Data section: Begin
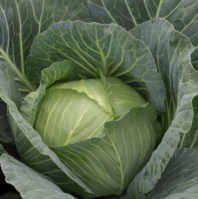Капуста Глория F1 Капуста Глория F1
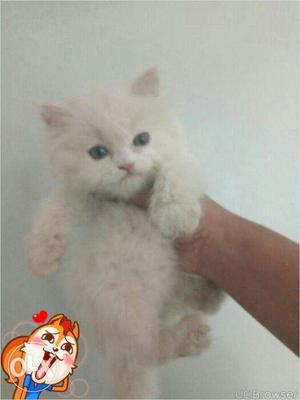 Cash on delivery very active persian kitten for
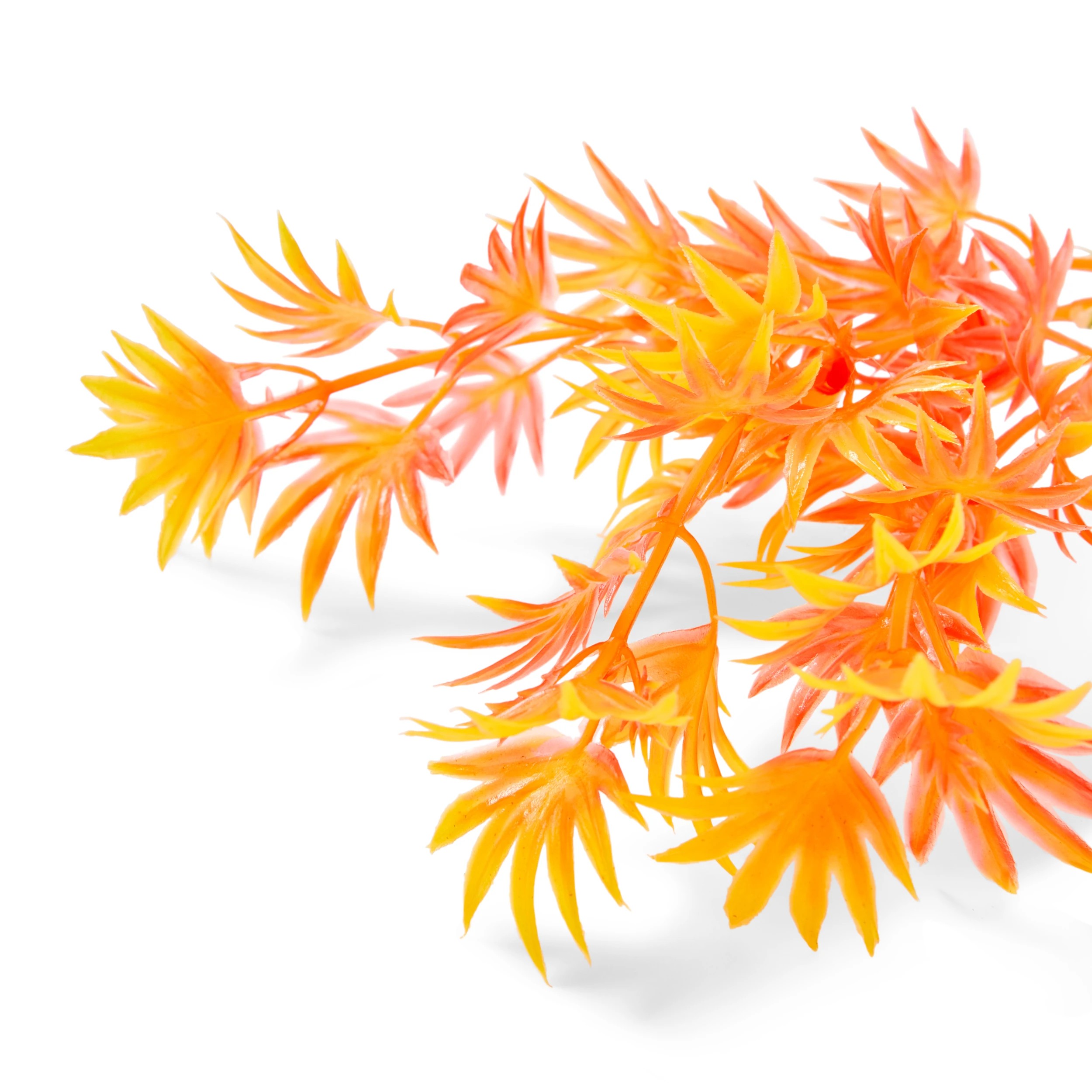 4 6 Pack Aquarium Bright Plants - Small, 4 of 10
Data section: End
#### Work to complete
Would you return the whole listing above exactly as written, skipping any image?

#### Written response
Капуста Глория F1 Капуста Глория F1
 Cash on delivery very active persian kitten for
 4 6 Pack Aquarium Bright Plants - Small, 4 of 10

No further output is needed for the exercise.